- [YOUR ASSIGNMENT]: Transcribe exactly the lines from the one holding "Купить Юбка однотонная" through the closing line of the entries below. Pictures stay out of the copy.

━━ LISTED RECORDS

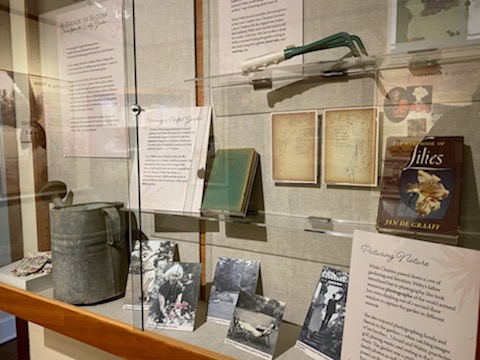 Eudora Welty's watering can, handrake, gardening book, family photos, and her mother's garden journals are among the artifacts on display at the Eudora Welty House & Garden Visitor Center for A Parade of Bloom: Stories from the Welty Garden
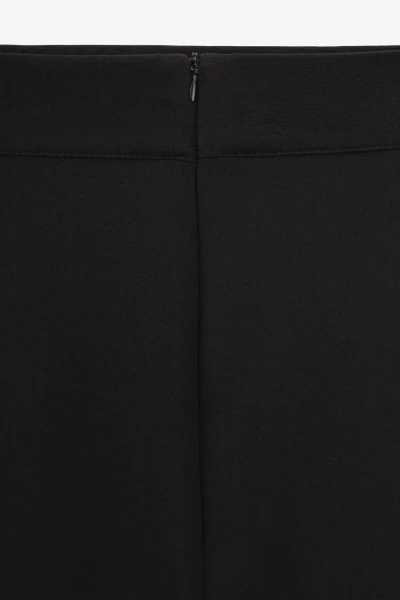 Купить Юбка однотонная женская On me 2340 baza 4XL Черный Артикул: 2000990991713 Фото №4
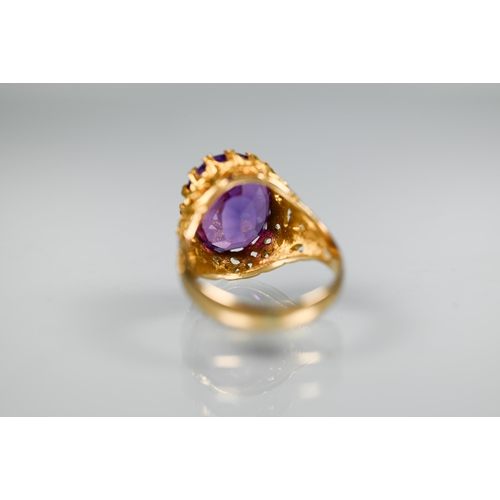 302 - A 1970s yellow metal ring of sculptural design inset with oval amethyst, size O, stamped k18, approx... 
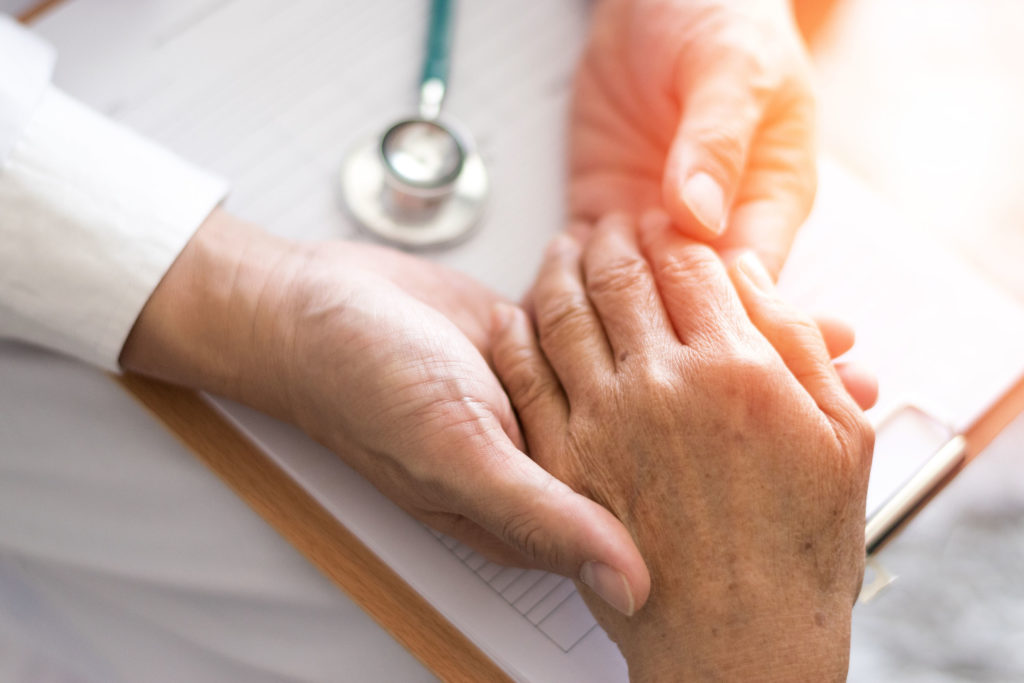 Un médecin tenant partiellement la main d'un patient de Parkinson au sommet d'un presse-papiers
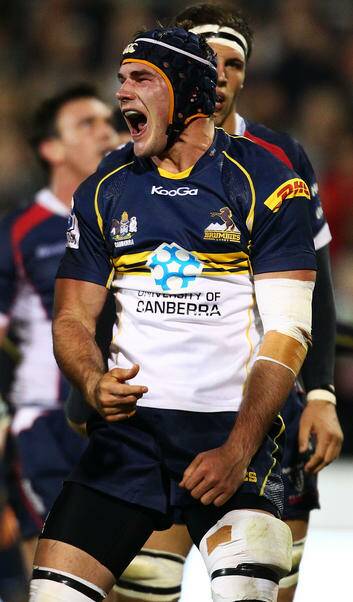 CANBERRA, AUSTRALIA - APRIL 14:  Ben Mowen of the Brumbies celebrates scoring a try during the round eight Super Rugby match between the Brumbies and the Rebels at Canberra Stadium on April 14, 2012 in Canberra, Australia.  (Photo by Mark Nolan/Getty Images) Photo: Mark Nolan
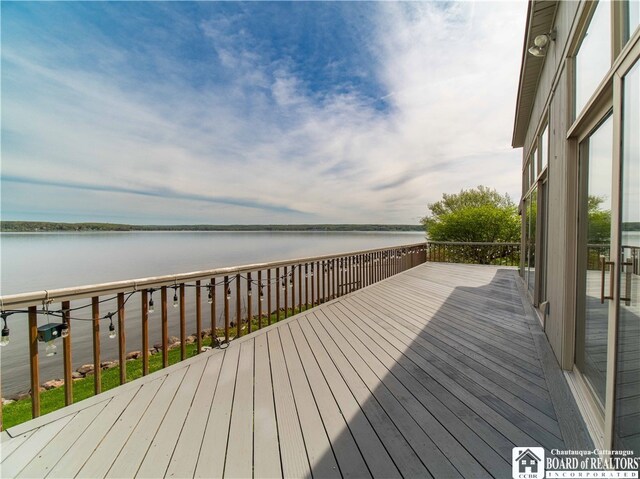 2 Elm Ln, Chautauqua, NY 14722 - wooden terrace with a water view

━━━━

- [EXERCISE RESULT]:
 Купить Юбка однотонная женская On me 2340 baza 4XL Черный Артикул: 2000990991713 Фото №4
 302 - A 1970s yellow metal ring of sculptural design inset with oval amethyst, size O, stamped k18, approx... 
 Un médecin tenant partiellement la main d'un patient de Parkinson au sommet d'un presse-papiers
 CANBERRA, AUSTRALIA - APRIL 14:  Ben Mowen of the Brumbies celebrates scoring a try during the round eight Super Rugby match between the Brumbies and the Rebels at Canberra Stadium on April 14, 2012 in Canberra, Australia.  (Photo by Mark Nolan/Getty Images) Photo: Mark Nolan
 2 Elm Ln, Chautauqua, NY 14722 - wooden terrace with a water view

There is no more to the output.